--- Source information ---

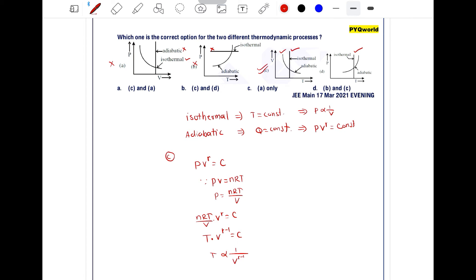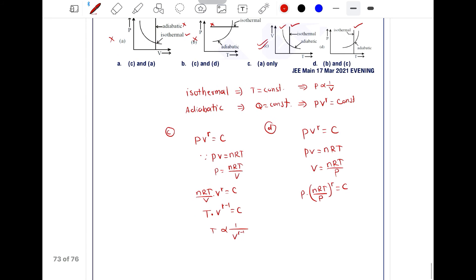For option D, it is a pressure versus temperature graph. For adiabatic process, p times v to the power gamma equals constant. From ideal gas equation, v = nRT/p. Substituting: p times (nRT/p) to the power gamma equals constant, which gives p to the power 1 minus gamma times T to the power gamma equals constant.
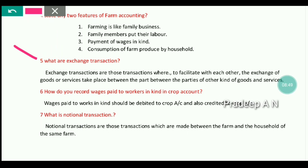The next question is: What are exchange transactions? Exchange transactions are those transactions where, to facilitate dealings with each other, an exchange of goods or services takes place between parties — exchanging one kind of goods or services for another. For example, products are exchanged from one party to another party across different farming sections.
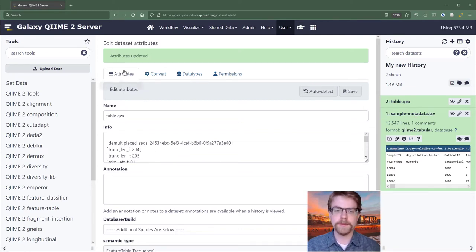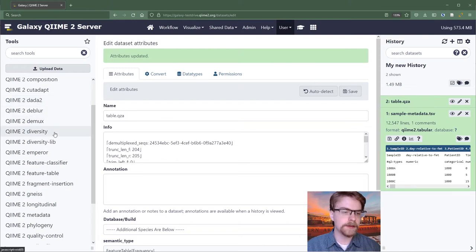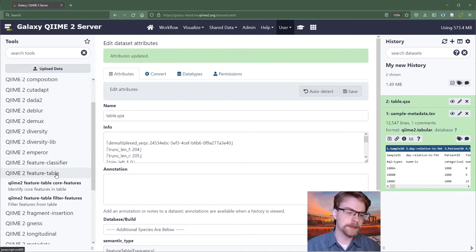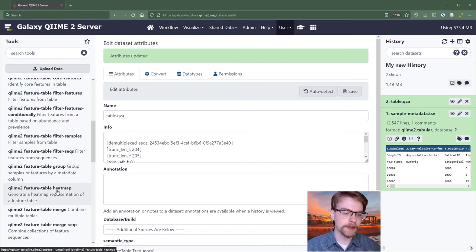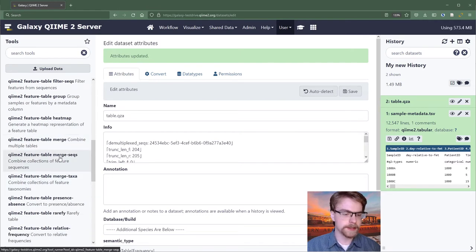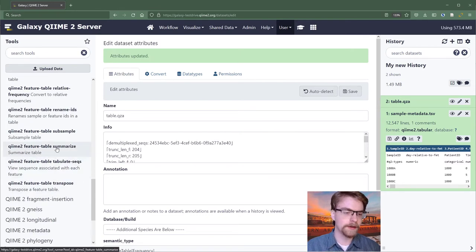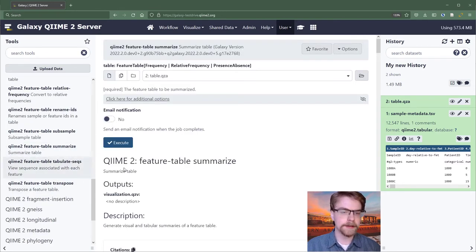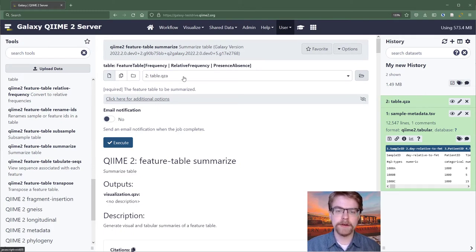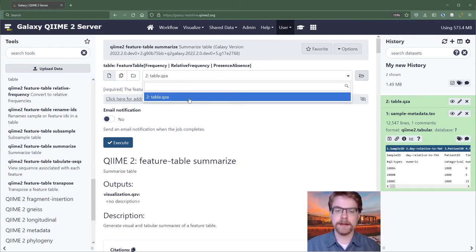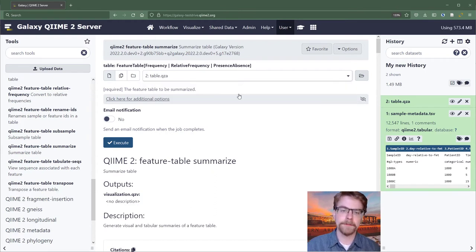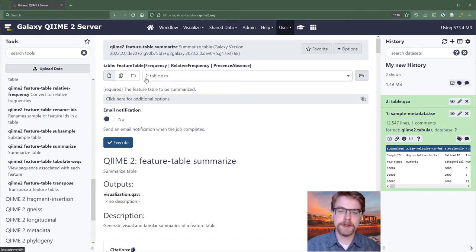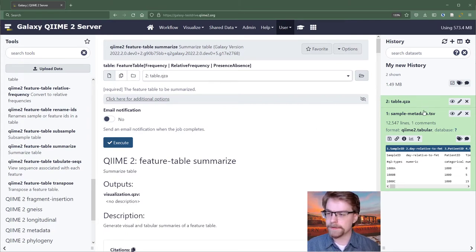Let's suppose we wanted to actually run an action. I might use feature table summarize as an example. And you'll do this in detail in a tutorial. But to get started, we look at this. We see Galaxy has already auto-populated the input. This is something that's both convenient and you want to watch out for. Because it is going to pick the most recent data that fits.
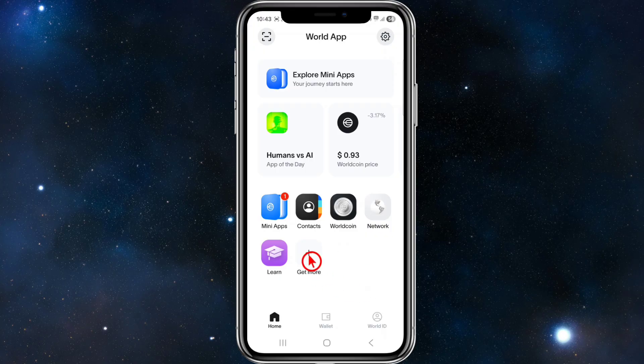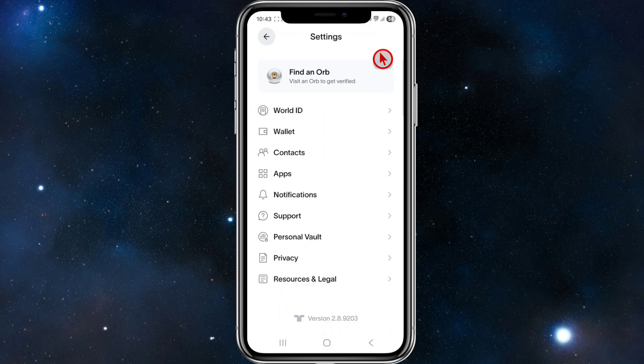So in order to fix this, what we can do is open up your World app and sign into your account. From there, you want to click on the gear icon in the top right-hand corner of the page, and then click on support.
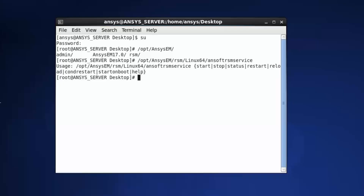In order to use RSM, the service must be started on each computer and the application registered with the RSM service. To start the RSM service, open a terminal as root. Run: Opt ANSYS EM RSM Linux 64 ANSYS RSM service. Start on boot.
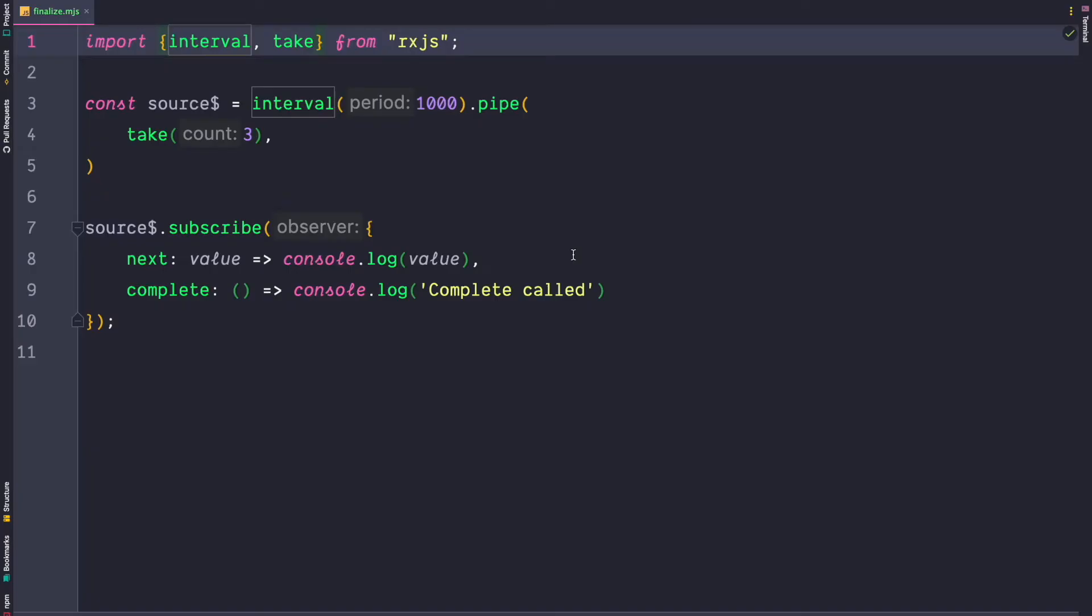Welcome to today's RxJS tip. In today's video I want to show you the finalize operator. The finalize operator is a great operator to perform some side effects whenever an observable emits a final value.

---

§ Task item:
When you transcribe these entries, keep every word exact and drop the pictures.

§ Solution below:
For option D, it is a pressure versus temperature graph. For adiabatic process, p times v to the power gamma equals constant. From ideal gas equation, v = nRT/p. Substituting: p times (nRT/p) to the power gamma equals constant, which gives p to the power 1 minus gamma times T to the power gamma equals constant.
The next question is: What are exchange transactions? Exchange transactions are those transactions where, to facilitate dealings with each other, an exchange of goods or services takes place between parties — exchanging one kind of goods or services for another. For example, products are exchanged from one party to another party across different farming sections.
Let's suppose we wanted to actually run an action. I might use feature table summarize as an example. And you'll do this in detail in a tutorial. But to get started, we look at this. We see Galaxy has already auto-populated the input. This is something that's both convenient and you want to watch out for. Because it is going to pick the most recent data that fits.
So in order to fix this, what we can do is open up your World app and sign into your account. From there, you want to click on the gear icon in the top right-hand corner of the page, and then click on support.
In order to use RSM, the service must be started on each computer and the application registered with the RSM service. To start the RSM service, open a terminal as root. Run: Opt ANSYS EM RSM Linux 64 ANSYS RSM service. Start on boot.
Welcome to today's RxJS tip. In today's video I want to show you the finalize operator. The finalize operator is a great operator to perform some side effects whenever an observable emits a final value.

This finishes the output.